Bu hikayenin en masumlarından biriydi Sena. Sadece bir adama
aşık olmuştu. Barda şarkı söyleyen, patlayan şeker yapan, onu Paris’e götürmek
için Erkin Koray’dan aldığı gitarı satan bir adama aşık olmuştu. Yamaç’a aşık
olmuştu o, Yamaç Koçovalı kim bilmiyordu…
Sonra yer ayaklarının altından kaydı bir süre. Yeniden
durmak, yeniden bir yer bulmak ve orayı ev kabul etmek biraz zamanlarını aldı
ama olsun bir aradaydılar. Olsun, seviyordu Yamaç onu, tutuyordu, öpüyordu,
sarılıyordu bırakmayacak gibi…
Sena’ya çok kızdım, Mahsun konusunu Yamaç’tan sakladığı için,
kendini tehlikeye attığı için çok kızdım ama sonu böyle olmamalıydı.
Sena vardı çünkü oradaydı. Adı da vardı, duruşu da, aşkı da…
Sonra bir gün olmadı artık... Her yerde izi kalmıştı ama işte kendisi yoktu.
Kalabalığın içinde anlamaz insan acısının sızısını, yalnız
kaldığında dolar göğsüne o yokluk.

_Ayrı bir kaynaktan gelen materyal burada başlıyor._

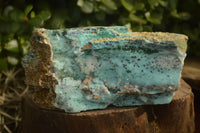 Natural Large Drusy Coated Chrysocolla With Malachite Dolomite Specimens  x 2 From Likasi, Congo - Toprock Gemstones and Minerals 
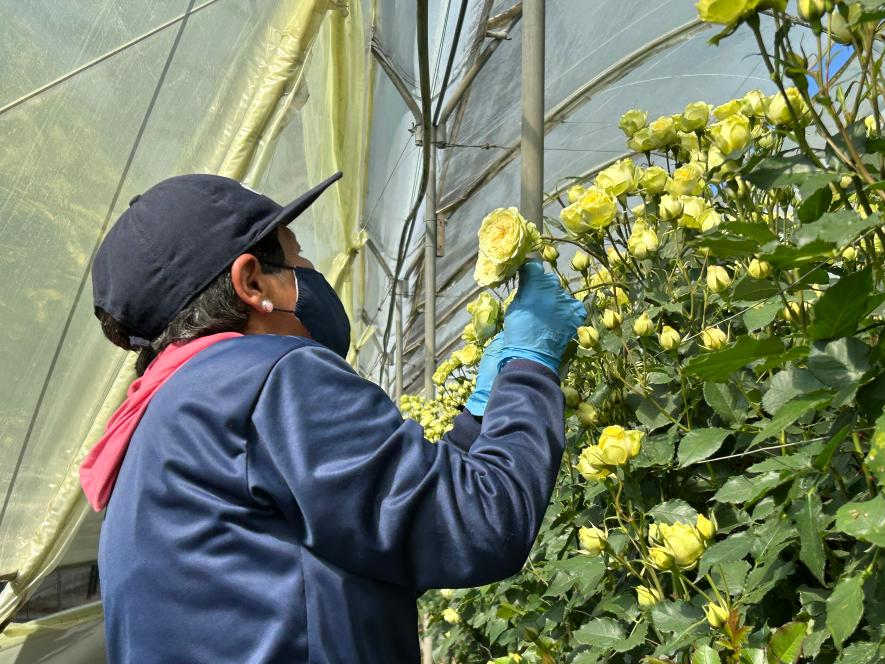 厄瓜多尔玫瑰为中国七夕节添彩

Yamaç odaya girdiğinde, yatağın kenarına
oturduğunda anladı Sena’nın gerçekten gittiğini.
Örtüsünü bile bozmadı yatağın, bir kere daha duymak için aynı
şiiri. Kadın şiirin sonunda bir kere daha “Seni seviyorum adam” desin diye…
Örtüsünü bile bozmadı Yamaç yatağın.
Bu kadar büyük, bu kadar derin, bu kadar içine işlemiş bir
şekilde seven Yamaç, bu acıyla nasıl… Nasıl yaşayacak?
Ellerine baktı Yamaç. 11 yıl önce baktığı gibi yine ellerine
baktı. Gitmek için vakti gelmişti… Ellerinde kan değil su vardı bu kez,
kaybının simgesi su idi.
Burada da Yamaç’a kızdım, gitmek için çok geç kalmasına
kızdım. Sonra köşede ağlayan Vartolu’ya kızdım, ne kadar üzüldüğünü görüyor
olduğum için de ayrıca kızdım çünkü onun yüzündendi. O da haklıydı, biliyorum ama işte peri masalını bozan onun intikamıydı. Yamaç Çukur’a onun
için gelmişti… Herkese durup durup kızdım. Sonra durdum kimse neden Sena’ya
ağlamıyor, herkes kendine ağlıyor diye kızdım. Hep öyle olur çünkü biri
öldüğünde insan kendine ağlar, geride kalmışlığına ağlar.
Ben Sena’ya ağladım bir de Yamaç’a… Yamaç bu acıyla yaşayamaz
diye ağladım, Sena artık yok diye. Gitti Sena çünkü gittiği yerden dönülmüyor geri.
Onu en çok seveni, en çok sevdiğini bıraktı gitti Sena.
Çukur'a ilk girdiği andan, o son ana kadar hep vardı. Yamaç'ın elini tutan ellerinin sıcaklığı, onu anlayan bakışlarının iyileştiriciliği, şefkatli öpücüklerinin izi, ailesini aile bilişi, adı, Sena oluşu hepsi kaldı Çukur'da. Sena gitti.
Yamaç artık pencereyi hiç kapama, gök dolacak içeri. Göğsüne çektiğin her nefeste, gök dolacak içeri.
Hoşça kal Sena... Koçovalı olmadan önce, Çukur'dan önce, Yamaç'tan önce... Hepsinden önce sen, sen hoşça kal Sena.